LOL! I remember Dad using his Korean era army white gas stove to melt lead for bullet casting, probably around 1960. I guess the Coleman Peak 1 series sort of descended from that stove. Good unit. 

Lately, we've fooled around a bit with making soda can stoves, rocket stoves, etc. Fun projects for kids. 

For versatility, it's probably still hard to beat the MSR XGK multifuel we got Dad in the mid 1980's.


----------



## readytogo (Apr 6, 2013)

rawhide2971 said:


> That old M1950 sure brings back memories...we were still using the things in 70's when I was in...... I still have one floating around somewhere but need to go dig it out.........


Dig it out rawhide2971 is a great stove and great American memorabilia, is part of history my friend.


----------



## readytogo (Apr 6, 2013)

HamiltonFelix said:


> LOL! I remember Dad using his Korean era army white gas stove to melt lead for bullet casting, probably around 1960. I guess the Coleman Peak 1 series sort of descended from that stove. Good unit.
> 
> Lately, we've fooled around a bit with making soda can stoves, rocket stoves, etc. Fun projects for kids.
> 
> For versatility, it's probably still hard to beat the MSR XGK multifuel we got Dad in the mid 1980's.

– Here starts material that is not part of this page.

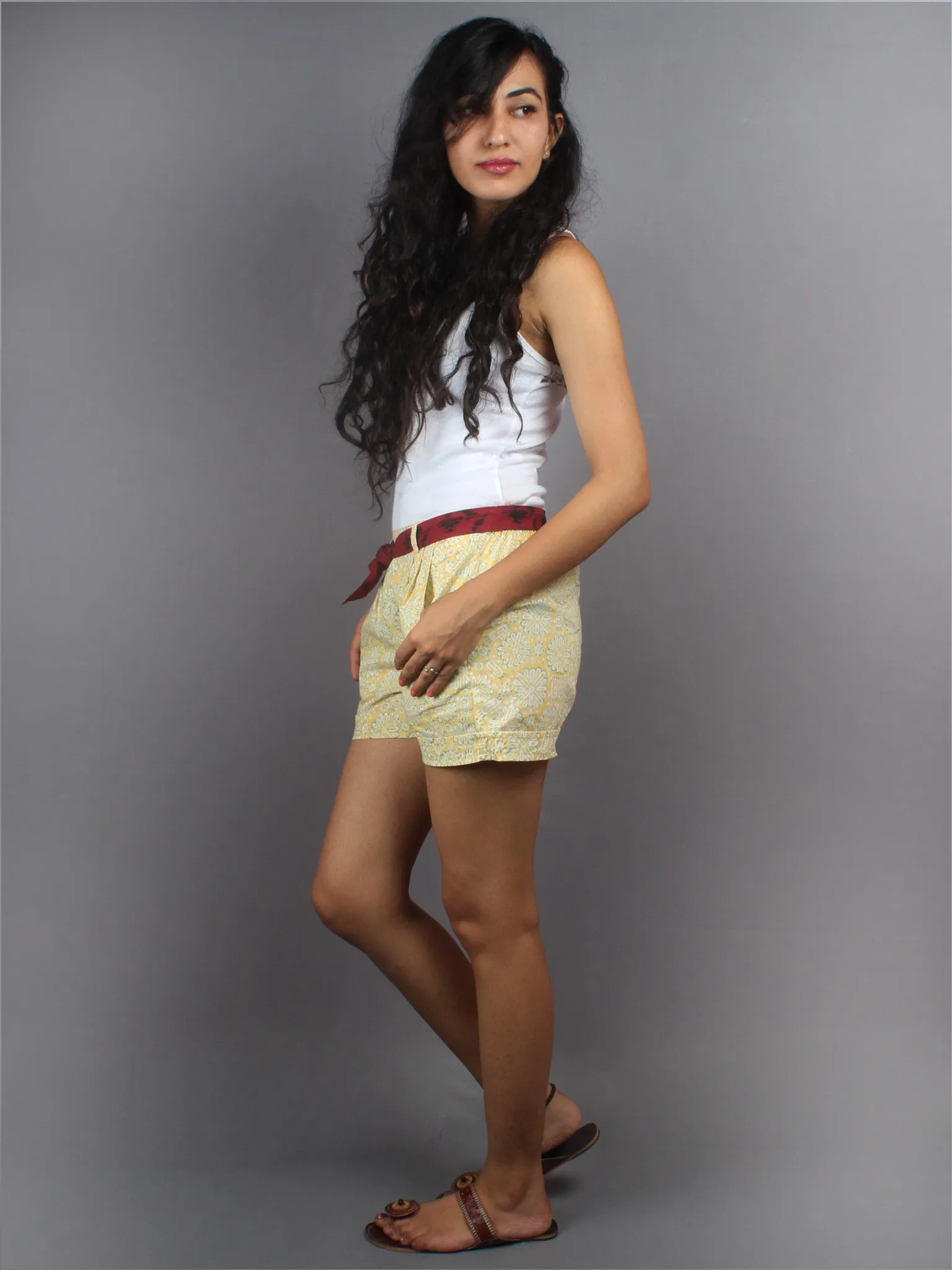 Yellow Hand Block Printed Shorts With Belt -S5296003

Every since the wave of survivalist and peppers' started many have come out trying to re-invent the wheel; soda can stoves, hobo stoves, rock stoves, etc, and nothing is going to beat a true and tried stove that has been to war and back, I have cooked with nothing but wood and a metal wire mesh over rocks and honestly nothing beats fuel under pressure for cooking fire, in the cold mountains of Korea the little soda can stove will only light up a cigar, maybe.
ps.the MSR stove is one of the best out there.


----------



## jeff47041 (Jan 5, 2013)

I have several stoves and grills. My little one burner propane stove, like in your picture, is what kept us fed for 6 days when we lived through hurricane Charlie in Fort Myers FL. 

My folding sterno stove looks just like the one you have. I have been using the same one ever since my Webelos days back in 1975. It still looks and works just like it did when it was new.


----------



## readytogo (Apr 6, 2013)

jeff47041 said:


> I have several stoves and grills. My little one burner propane stove, like in your picture, is what kept us fed for 6 days when we lived through hurricane Charlie in Fort Myers FL.
> 
> My folding sterno stove looks just like the one you have. I have been using the same one ever since my Webelos days back in 1975. It still looks and works just like it did when it was new.


That little stove has cook many meals for me and brew many cups of coffee,back in my Army days my favorite spam and eggs for breakfast kept me warm in the cold Korean mountains and here at home I swear that coffee doesn't taste the same if not brew with that old thing, anyway is good to have backups just in case.


----------